Abstract
Between 1058 and 1072CE, the Fatimid state in Egypt and Syria experienced a combination of famine and civil war that devastated the Fatimid state as a whole and the city of Fustat/Cairo in particular. These events changed forever the political structure of the Fatimid state, led to the partial destruction of Fustat, and seem to have wrought profound demographic changes throughout the country. Despite the apparent importance of these events, little research has been done to analyze them. Some of this neglect has to do with the fact that many of the traditional sources for the Fatimid period are written later and are not forthcoming about the events of this crisis or the people involved.

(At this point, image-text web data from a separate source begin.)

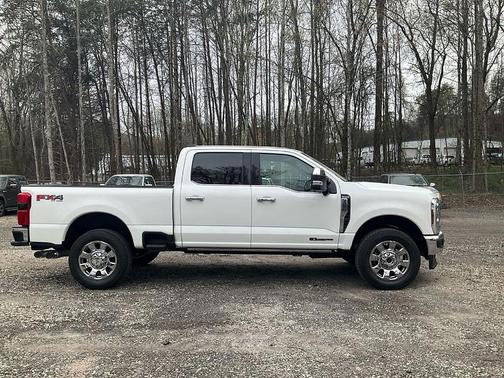 2025 Ford F-250 King Ranch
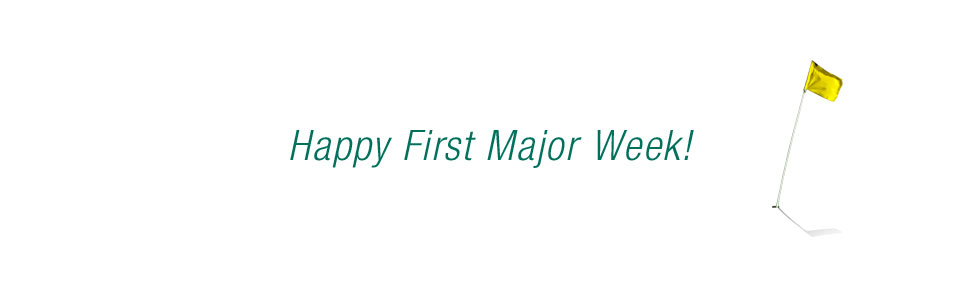 Happy First Major Week!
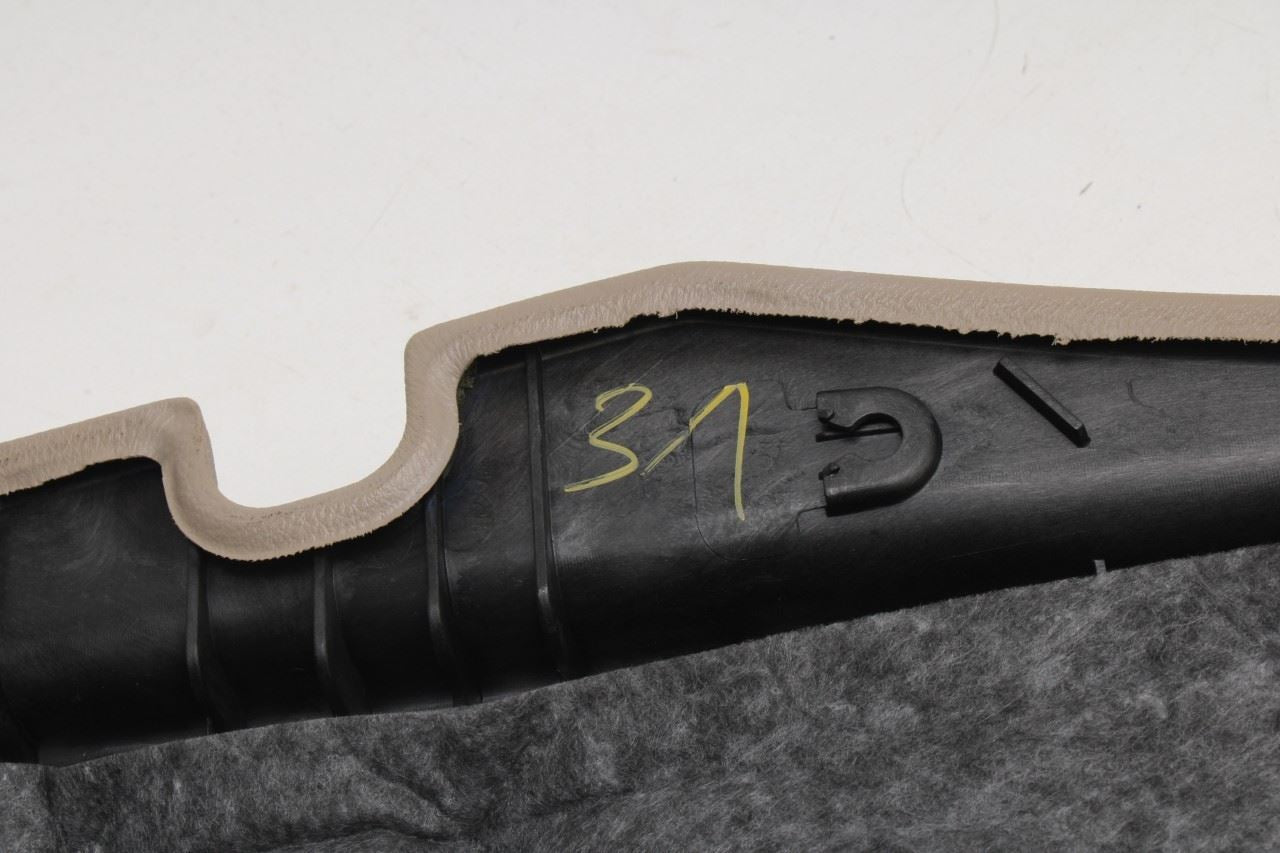 2010-13 Mercedes-Benz E350 Sport 4Matic Rear Left Door Trim Panel 21273001708P65 - Alshned Auto Parts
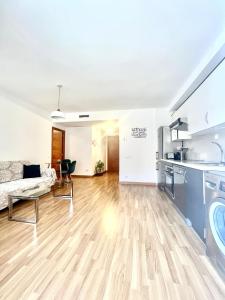 Kuchyňa alebo kuchynka v ubytovaní Tarraco Apartment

What I propose to do in this paper is to explore this crisis from a variety of perspectives using the available narrative and, to a lesser extent, documentary sources, as well as paleo-climatological studies. I hope to illustrate that while this crisis had climatological dimensions, it was fundamentally a political crisis that left scars on elites and non-elites alike. In examining the intellectual establishment of Fatimid Cairo through the lives and writings of intellectuals who lived through the 1060s this paper traces a variety of intellectual reactions that vary by community and by individual. In general there is a sense of a tightening of communal bonds and increased defensiveness in all communities, although there are differences in how this is expressed. Although the social aspects of this crisis are the hardest to trace, there is a sense ordinary life went on throughout the crisis despite the profound hardships visited on non-elites by the political and environmental troubles. This adds to the hypothesis that the crisis was a political crisis that was more difficult to manage for those most closely connected to the Fatimid government. Finally, this paper looks at the differences between the expressions of the crisis in various parts of the Fatimid state and finds that while the effects of the crisis on Cairo/Fustat are evident, areas outside of Cairo experienced the crisis in widely divergent ways.